» Data block
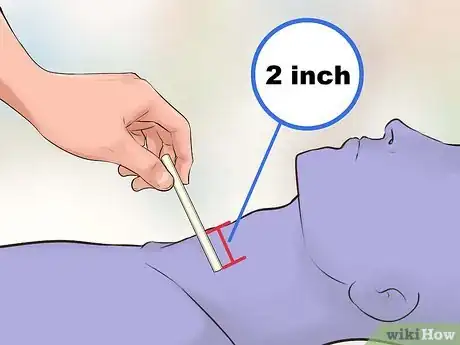 Image intitulée Perform a Tracheotomy Step 11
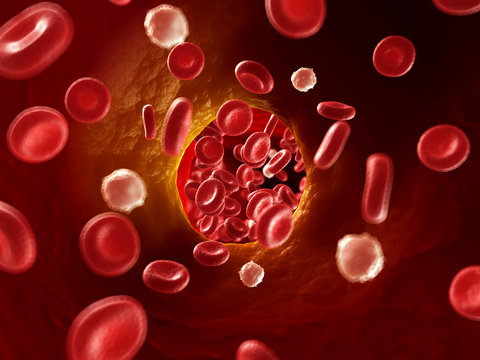 3d rendered illustration of arteriosklerosis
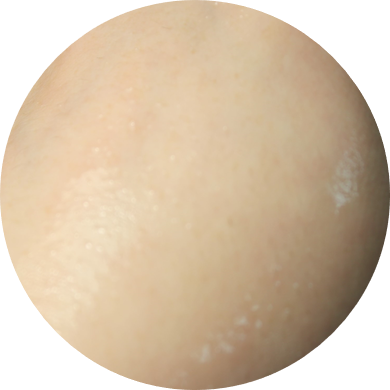 여드름피부화장품 꿀팁을 알려드리자면! 관련 이미지 10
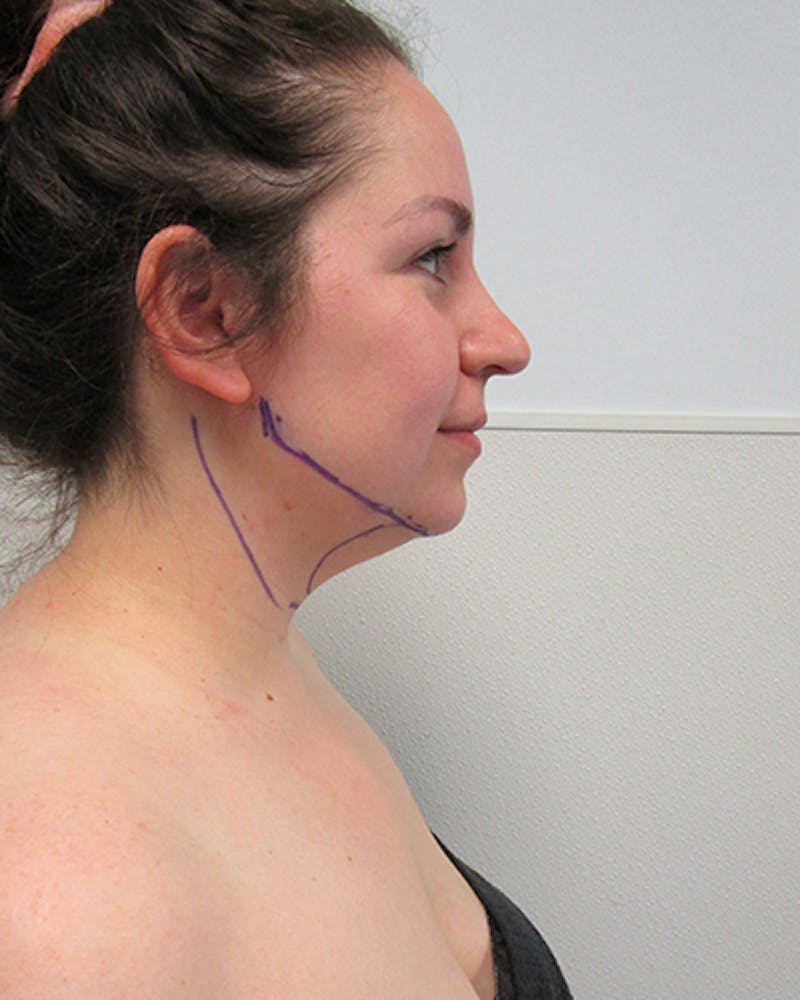 Neck Liposuction Before & After Gallery - Patient 219965 - Image 7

» Task directions
Word for word, reproduce all the data, but not the pictures.

» Answer section
 Image intitulée Perform a Tracheotomy Step 11
 3d rendered illustration of arteriosklerosis
 여드름피부화장품 꿀팁을 알려드리자면! 관련 이미지 10
 Neck Liposuction Before & After Gallery - Patient 219965 - Image 7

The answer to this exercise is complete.